(SOURCE INFORMATION):

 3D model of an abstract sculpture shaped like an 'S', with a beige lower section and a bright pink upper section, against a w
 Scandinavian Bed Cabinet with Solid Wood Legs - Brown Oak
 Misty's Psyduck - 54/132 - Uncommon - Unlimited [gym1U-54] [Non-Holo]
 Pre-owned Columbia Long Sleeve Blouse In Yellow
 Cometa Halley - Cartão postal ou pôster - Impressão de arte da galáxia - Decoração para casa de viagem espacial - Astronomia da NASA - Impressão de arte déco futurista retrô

(TASK TO COMPLETE): Pick out, from the lines above, every one that contains the string "with".

(ANSWER TO THIS EXERCISE):
 3D model of an abstract sculpture shaped like an 'S', with a beige lower section and a bright pink upper section, against a w
 Scandinavian Bed Cabinet with Solid Wood Legs - Brown Oak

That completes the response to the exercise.